Мы с Георгом идем по Мариенштрассе.

— Как странно, что Вацеку дали трепку именно я и Ризенфельд, — говорю я. — А не ты. Ведь было бы естественнее, если бы дрались друг с другом вы!

— Конечно, но это было бы более несправедливо.

— Несправедливо? — удивляюсь я.

— Ну, в более сложном смысле. Сейчас я слишком устал, чтобы объяснять. Мужчинам, которые уже полысели, не следовало бы драться. Им следовало бы философствовать.

— Тогда тебе предстоит очень одинокая жизнь. Кажется, в воздухе вообще запахло драками.

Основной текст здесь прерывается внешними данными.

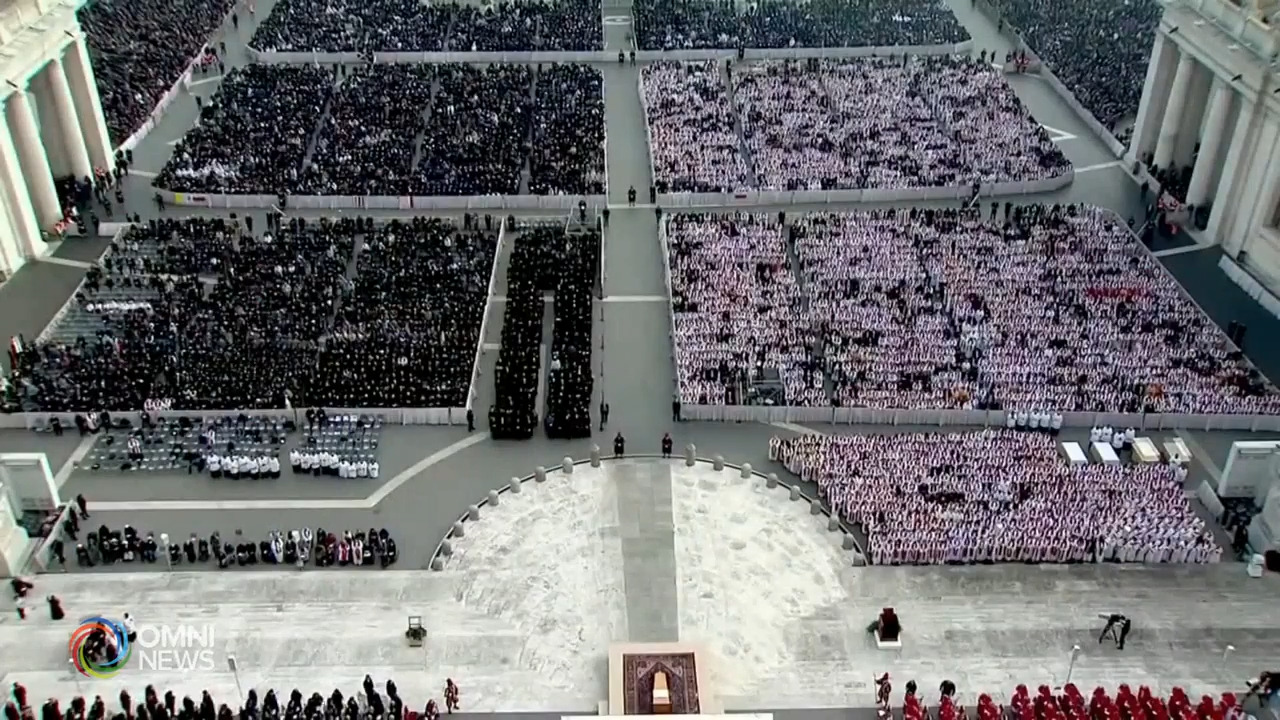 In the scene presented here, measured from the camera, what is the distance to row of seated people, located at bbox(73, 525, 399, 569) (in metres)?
42.6

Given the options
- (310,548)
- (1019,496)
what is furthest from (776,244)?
(310,548)

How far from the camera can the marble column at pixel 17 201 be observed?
58.9m

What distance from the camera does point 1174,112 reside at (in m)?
67.6

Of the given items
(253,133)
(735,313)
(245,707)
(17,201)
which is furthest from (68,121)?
(245,707)

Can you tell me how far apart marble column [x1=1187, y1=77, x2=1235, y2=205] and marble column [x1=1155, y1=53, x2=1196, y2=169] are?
192 cm

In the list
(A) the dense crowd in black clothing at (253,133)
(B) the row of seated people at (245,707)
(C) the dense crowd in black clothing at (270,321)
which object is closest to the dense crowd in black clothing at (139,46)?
(A) the dense crowd in black clothing at (253,133)

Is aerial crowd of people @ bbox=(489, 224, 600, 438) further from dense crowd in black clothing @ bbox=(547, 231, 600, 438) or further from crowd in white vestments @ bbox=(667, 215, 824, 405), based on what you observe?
crowd in white vestments @ bbox=(667, 215, 824, 405)

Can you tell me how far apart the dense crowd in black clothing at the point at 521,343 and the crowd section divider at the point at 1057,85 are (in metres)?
36.5

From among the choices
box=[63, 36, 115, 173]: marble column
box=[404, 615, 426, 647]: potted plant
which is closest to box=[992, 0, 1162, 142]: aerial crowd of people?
box=[404, 615, 426, 647]: potted plant

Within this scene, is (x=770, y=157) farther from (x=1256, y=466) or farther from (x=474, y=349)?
(x=1256, y=466)

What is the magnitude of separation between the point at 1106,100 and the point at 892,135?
631 inches

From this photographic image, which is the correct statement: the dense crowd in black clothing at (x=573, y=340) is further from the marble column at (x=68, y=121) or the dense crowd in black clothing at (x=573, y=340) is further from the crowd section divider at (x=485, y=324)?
the marble column at (x=68, y=121)

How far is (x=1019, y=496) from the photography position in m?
45.1

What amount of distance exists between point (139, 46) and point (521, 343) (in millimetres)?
47742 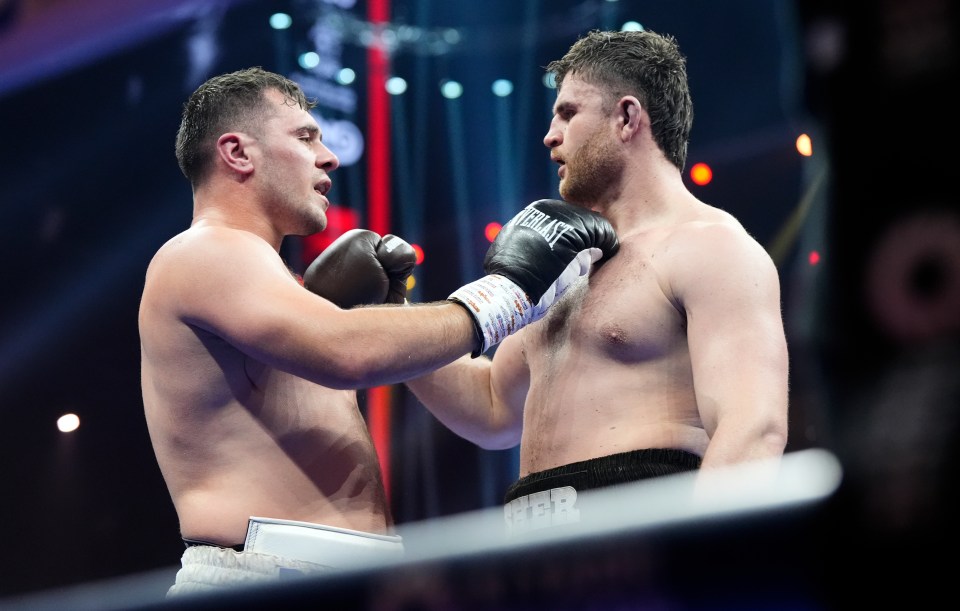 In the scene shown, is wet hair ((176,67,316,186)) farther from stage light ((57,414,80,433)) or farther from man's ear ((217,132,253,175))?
stage light ((57,414,80,433))

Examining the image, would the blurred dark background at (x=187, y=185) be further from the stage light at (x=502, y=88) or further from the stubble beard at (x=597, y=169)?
the stubble beard at (x=597, y=169)

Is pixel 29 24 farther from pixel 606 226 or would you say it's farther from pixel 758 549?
pixel 758 549

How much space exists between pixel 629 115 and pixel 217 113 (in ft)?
3.67

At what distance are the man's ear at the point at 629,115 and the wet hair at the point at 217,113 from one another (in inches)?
36.2

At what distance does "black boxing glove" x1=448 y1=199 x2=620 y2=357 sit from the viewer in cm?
229

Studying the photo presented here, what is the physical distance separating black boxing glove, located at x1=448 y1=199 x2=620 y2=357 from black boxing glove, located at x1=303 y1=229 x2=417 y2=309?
0.40 metres

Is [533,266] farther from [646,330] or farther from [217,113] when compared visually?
[217,113]

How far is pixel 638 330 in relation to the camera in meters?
2.24

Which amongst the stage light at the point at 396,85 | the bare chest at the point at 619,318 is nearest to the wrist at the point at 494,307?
the bare chest at the point at 619,318

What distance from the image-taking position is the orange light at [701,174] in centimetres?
602

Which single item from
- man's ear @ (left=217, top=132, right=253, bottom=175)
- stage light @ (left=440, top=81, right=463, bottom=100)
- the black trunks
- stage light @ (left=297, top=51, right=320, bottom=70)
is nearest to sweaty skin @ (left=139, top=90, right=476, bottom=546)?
A: man's ear @ (left=217, top=132, right=253, bottom=175)

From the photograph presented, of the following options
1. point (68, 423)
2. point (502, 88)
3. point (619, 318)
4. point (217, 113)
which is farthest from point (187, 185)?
point (619, 318)

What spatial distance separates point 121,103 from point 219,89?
3.12 metres

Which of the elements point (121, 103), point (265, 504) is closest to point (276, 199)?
point (265, 504) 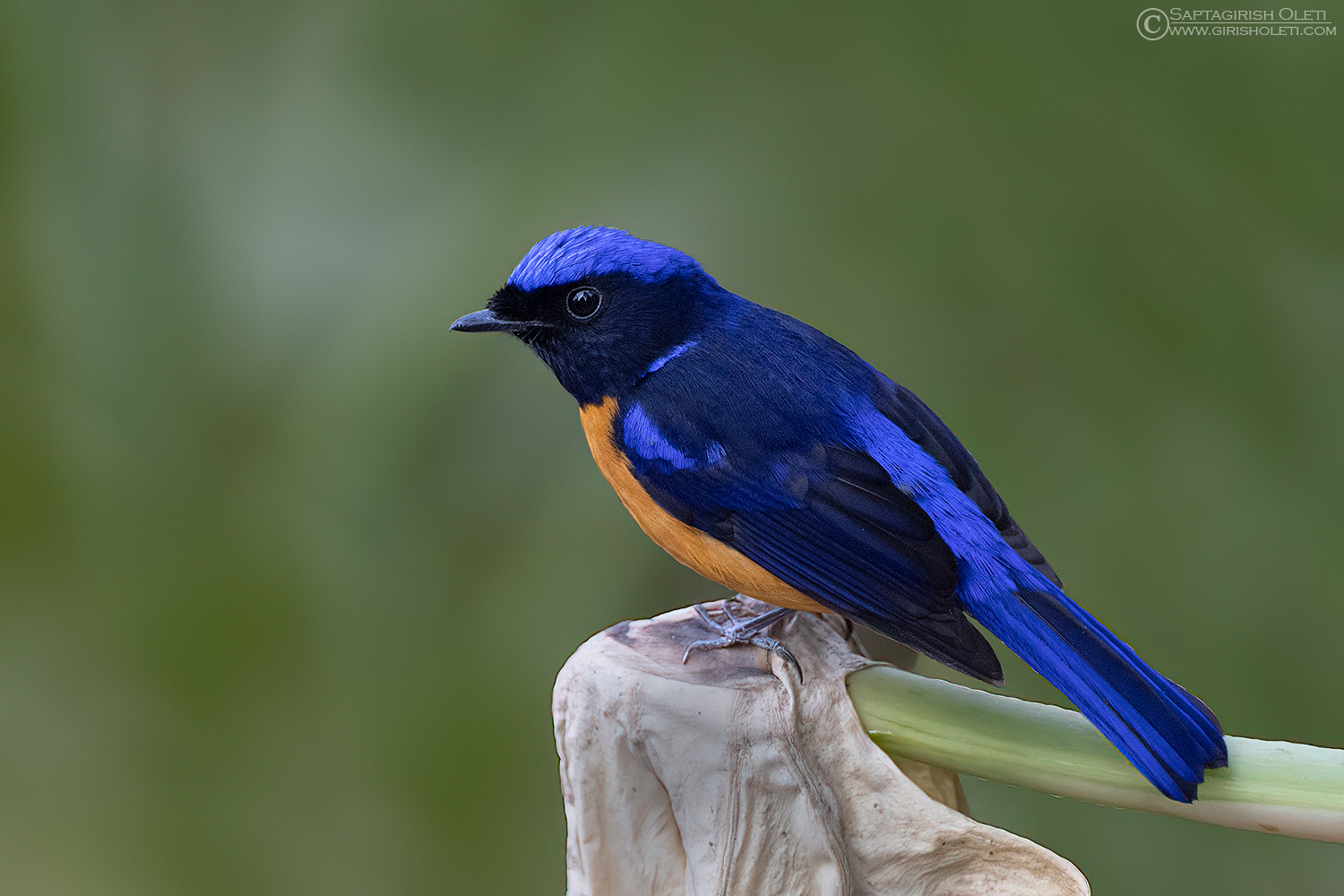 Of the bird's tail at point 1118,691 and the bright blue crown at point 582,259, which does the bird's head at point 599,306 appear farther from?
the bird's tail at point 1118,691

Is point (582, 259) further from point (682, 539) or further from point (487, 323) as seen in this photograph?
point (682, 539)

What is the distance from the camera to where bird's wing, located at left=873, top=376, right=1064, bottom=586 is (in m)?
1.32

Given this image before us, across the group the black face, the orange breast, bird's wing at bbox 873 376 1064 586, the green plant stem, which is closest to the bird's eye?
the black face

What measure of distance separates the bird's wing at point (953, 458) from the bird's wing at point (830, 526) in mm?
105

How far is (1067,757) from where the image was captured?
1.12 metres

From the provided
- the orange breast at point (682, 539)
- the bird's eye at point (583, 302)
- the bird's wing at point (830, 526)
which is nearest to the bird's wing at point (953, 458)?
the bird's wing at point (830, 526)

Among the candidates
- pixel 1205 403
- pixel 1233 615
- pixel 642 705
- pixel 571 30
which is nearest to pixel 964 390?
pixel 1205 403

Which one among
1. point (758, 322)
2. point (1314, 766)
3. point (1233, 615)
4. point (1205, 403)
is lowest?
point (1233, 615)

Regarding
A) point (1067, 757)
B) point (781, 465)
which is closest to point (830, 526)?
point (781, 465)

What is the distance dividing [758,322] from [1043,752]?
58 centimetres

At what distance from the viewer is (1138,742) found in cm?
105

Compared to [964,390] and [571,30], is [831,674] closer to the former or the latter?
[964,390]

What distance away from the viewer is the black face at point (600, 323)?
137 centimetres

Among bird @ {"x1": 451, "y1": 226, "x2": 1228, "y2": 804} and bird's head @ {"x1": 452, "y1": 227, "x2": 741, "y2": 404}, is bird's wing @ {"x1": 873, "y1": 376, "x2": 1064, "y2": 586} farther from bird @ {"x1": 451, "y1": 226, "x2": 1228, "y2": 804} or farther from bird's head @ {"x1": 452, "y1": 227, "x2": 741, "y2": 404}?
bird's head @ {"x1": 452, "y1": 227, "x2": 741, "y2": 404} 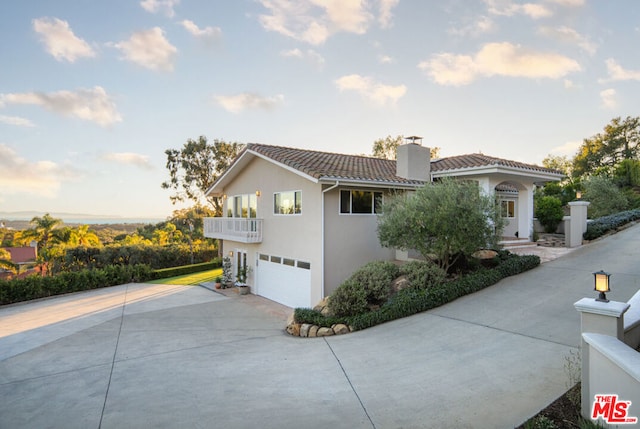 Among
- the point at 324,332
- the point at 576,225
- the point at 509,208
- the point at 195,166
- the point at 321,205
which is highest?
the point at 195,166

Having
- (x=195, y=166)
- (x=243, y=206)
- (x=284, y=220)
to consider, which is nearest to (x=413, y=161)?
(x=284, y=220)

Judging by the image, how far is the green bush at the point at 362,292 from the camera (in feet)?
30.8

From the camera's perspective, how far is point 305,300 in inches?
508

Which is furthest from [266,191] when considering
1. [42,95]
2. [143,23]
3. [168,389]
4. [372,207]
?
[42,95]

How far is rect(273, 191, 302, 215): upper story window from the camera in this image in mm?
13384

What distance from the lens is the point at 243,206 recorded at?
17703mm

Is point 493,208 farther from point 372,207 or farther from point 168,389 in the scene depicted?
point 168,389

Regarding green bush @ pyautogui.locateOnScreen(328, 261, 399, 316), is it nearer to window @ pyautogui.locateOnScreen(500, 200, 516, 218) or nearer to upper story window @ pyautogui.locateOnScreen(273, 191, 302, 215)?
upper story window @ pyautogui.locateOnScreen(273, 191, 302, 215)

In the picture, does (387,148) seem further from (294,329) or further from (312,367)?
(312,367)

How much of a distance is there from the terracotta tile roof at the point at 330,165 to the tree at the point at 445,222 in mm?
2432

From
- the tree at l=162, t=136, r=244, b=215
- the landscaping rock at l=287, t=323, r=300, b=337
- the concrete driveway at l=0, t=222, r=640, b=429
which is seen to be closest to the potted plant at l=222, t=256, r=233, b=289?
the concrete driveway at l=0, t=222, r=640, b=429

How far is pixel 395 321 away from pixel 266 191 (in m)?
8.98

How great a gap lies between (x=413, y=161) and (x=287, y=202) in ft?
18.9

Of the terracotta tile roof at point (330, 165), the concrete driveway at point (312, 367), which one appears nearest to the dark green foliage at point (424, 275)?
the concrete driveway at point (312, 367) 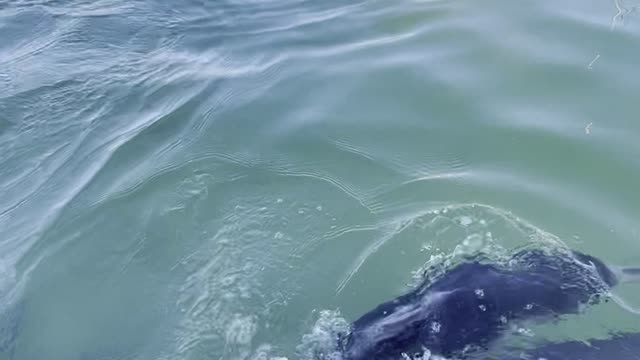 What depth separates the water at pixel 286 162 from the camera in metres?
6.43

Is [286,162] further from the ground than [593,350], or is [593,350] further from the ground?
[286,162]

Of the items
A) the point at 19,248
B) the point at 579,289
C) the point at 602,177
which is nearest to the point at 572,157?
the point at 602,177

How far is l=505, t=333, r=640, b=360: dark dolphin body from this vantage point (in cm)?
560

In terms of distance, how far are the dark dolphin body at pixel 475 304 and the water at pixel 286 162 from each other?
0.79 feet

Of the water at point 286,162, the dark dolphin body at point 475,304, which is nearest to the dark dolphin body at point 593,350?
the water at point 286,162

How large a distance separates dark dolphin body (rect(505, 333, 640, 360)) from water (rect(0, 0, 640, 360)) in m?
0.14

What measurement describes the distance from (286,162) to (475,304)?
10.0ft

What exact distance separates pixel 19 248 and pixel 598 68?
7.02 metres

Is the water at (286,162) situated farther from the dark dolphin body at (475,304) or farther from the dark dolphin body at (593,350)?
the dark dolphin body at (475,304)

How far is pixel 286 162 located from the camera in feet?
26.3

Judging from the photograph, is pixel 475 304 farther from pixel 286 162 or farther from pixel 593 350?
pixel 286 162

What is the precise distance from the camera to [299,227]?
7.09 meters

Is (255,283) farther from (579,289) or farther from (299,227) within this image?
(579,289)

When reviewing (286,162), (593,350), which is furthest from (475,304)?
(286,162) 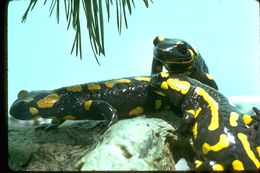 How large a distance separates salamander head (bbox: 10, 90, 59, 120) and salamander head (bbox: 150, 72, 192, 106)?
0.65 meters

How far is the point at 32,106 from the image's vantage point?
2.40 metres

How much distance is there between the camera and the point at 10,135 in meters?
2.30

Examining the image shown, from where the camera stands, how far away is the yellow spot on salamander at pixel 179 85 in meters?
2.22

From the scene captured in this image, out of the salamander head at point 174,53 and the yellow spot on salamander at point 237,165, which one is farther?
the salamander head at point 174,53

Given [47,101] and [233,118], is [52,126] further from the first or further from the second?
[233,118]

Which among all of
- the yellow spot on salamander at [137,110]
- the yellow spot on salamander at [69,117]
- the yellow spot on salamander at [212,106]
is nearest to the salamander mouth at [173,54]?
the yellow spot on salamander at [212,106]

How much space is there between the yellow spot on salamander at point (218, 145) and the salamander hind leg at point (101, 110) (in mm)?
549

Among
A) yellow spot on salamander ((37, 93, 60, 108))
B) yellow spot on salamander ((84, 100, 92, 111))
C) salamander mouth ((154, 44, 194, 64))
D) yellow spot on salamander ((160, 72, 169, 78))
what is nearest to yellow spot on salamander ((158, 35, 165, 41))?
salamander mouth ((154, 44, 194, 64))

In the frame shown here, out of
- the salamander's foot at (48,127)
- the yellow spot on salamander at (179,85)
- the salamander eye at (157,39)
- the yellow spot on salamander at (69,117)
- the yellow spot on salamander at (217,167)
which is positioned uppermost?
A: the salamander eye at (157,39)

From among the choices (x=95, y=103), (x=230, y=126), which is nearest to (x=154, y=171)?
(x=230, y=126)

— Не думаю. Какой-то отвратительный карнавал кончился. Разве сейчас все не напоминает космический великий пост? Гигантский мыльный пузырь лопнул.

— И? — говорю я.

— И? — повторяет он.

— Кто-нибудь пустит новый мыльный пузырь, еще огромнее.

— Все может быть.

Мы стоим в саду. Серо-молочное утро как будто омывает кресты. Появляется невыспавшаяся младшая дочь Кнопфа. Она ждала нас.

— Отец сказал, что за двенадцать биллионов вы можете взять обратно его памятник.

— Скажите ему, что мы предлагаем восемь марок. Да и это только до полудня. Теперь деньги будут в обрез.

— Что такое? — спрашивает Кнопф из своей спальни — он подслушивал.

— Восемь марок, господин Кнопф. А после обеда только шесть. Курс падает. Кто бы подумал? Вместо того, чтобы подниматься!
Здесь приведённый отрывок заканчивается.